Pro/con of Qualified Charitable Distributions by TIRA owner’s checks

A Vanguard TIRA owner over 70-1/2 would like to make several dozen Qualified Charitable Distributions (QCD’s) from her TIRA. In 12/2015 her Letter of Instruction (LOI) to Vanguard sufficed and Vanguard issued checks payable to the organizations (but mailed to the TIRA owner) and in the amounts stated in the LOI of which only one check was as much as $500.

Vanguard in its concern about meeting “regulatory disclosure requirements” now wants completion of their IRA Distribution Form (which lists the necessary regulatory disclosures) to accompany the LOI.

Q. 1: If the TIRA owner wishes to instead simply write a check on her TIRA account to send to each organization, would these checks qualify as QCD’s?

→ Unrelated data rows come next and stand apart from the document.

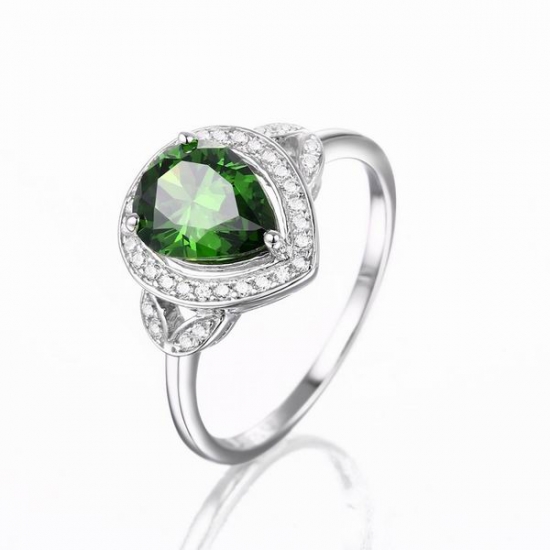 925 Sterling Silber Smaragd Farbe cz Ring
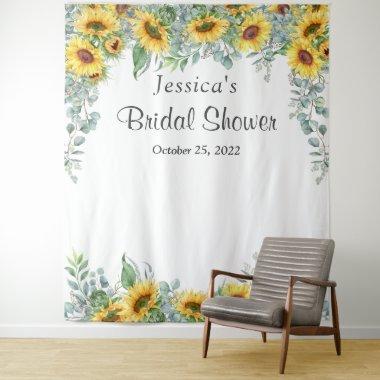 Sunflower Eucalyptus Bridal Shower Photo Backdrop
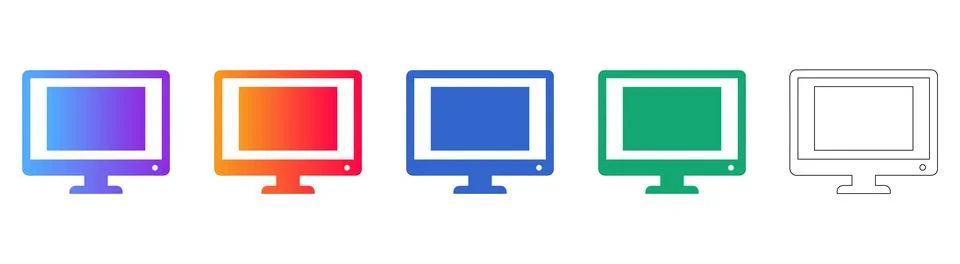 Computer Display Screen Icon Set Stock Illustration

Q. 2: If so, is there any risk of inadequate proof that the checks are QCD’s or other disadvantage to this method of making QCD’s? The TIRA owner would write and send the checks in early Jan. 2017 so that even if a charity took several months to process the check, it should still qualify as a 2017 QCD.

Thank you for your help.



Not familiar with, nor can I find, any such IRA Distribution Form on the Vanguard site.  I would be interested in the responses to your post.  Seems to me IRA owner is asking a lot of Vanguard to make “several dozen” QCDs in such small amounts. I just made such QCDs for 2016, but they averaged in the low four-digits each and use a very simple written method with Vanguard which they have accepted without undue concern for about five years now.

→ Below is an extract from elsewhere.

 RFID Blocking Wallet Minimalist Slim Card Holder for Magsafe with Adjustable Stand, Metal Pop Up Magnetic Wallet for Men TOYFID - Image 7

  • Sec 408(d)(8)(B) of the tax code requires that a QCD be transferred directly from the IRA trustee (custodian) to the charity and Notice 2007-7 clarifies that if this check is sent to the IRA owner for delivery to the charity the requirement is met. There is nothing to suggest that an IRA owner with check writing is allowed to issue the check
  • The trustee issue requirement otherwise also meets the criteria to otherwise be treated as a non reportable transfer other than the transfer is required to be reported on a 1099R. Now that QCDs are permanent, the IRS may consider more specific 1099R identification to weed out any potential tax fraud related to QCDs.
  • In summary, using check writing for a QCD will likely not be considered valid by the IRS even though they have issued no guidance I am aware of specifically mentioning check writing.


Interesting discussion on a similar situation going on over at the Bogleheads.org forum in the Personal Finance Not Investing portion, but as I interpret it the two answers do not agree.  Personally I have more faith in the response given here.  Tom D.



Yes, I see that Fidelity has taken the position more than once that IRA owner checks meet the QCD definition. This might come from their interpretion of Q 41 in Notice 2007-7, which refers only to the check payee being the charity without addressing the check issuer. However, cannot find evidence of other major custodians taking the position that an IRA owner check is considered by the IRS as a trustee check, and the tax code still directly states that the QCD must be transferred directly from the trustee to the charity. The Notice states only that the check can be sent to the IRA owner for delivery, not that the IRA owner is treated as the trustee if they have check writing. For a Fidelity IRA owner, I would investigate what specific guidance Fidelity might have received from the IRS allowing this before proceeding. Also, VG does not seem to be on board with the FIdelity interpretation.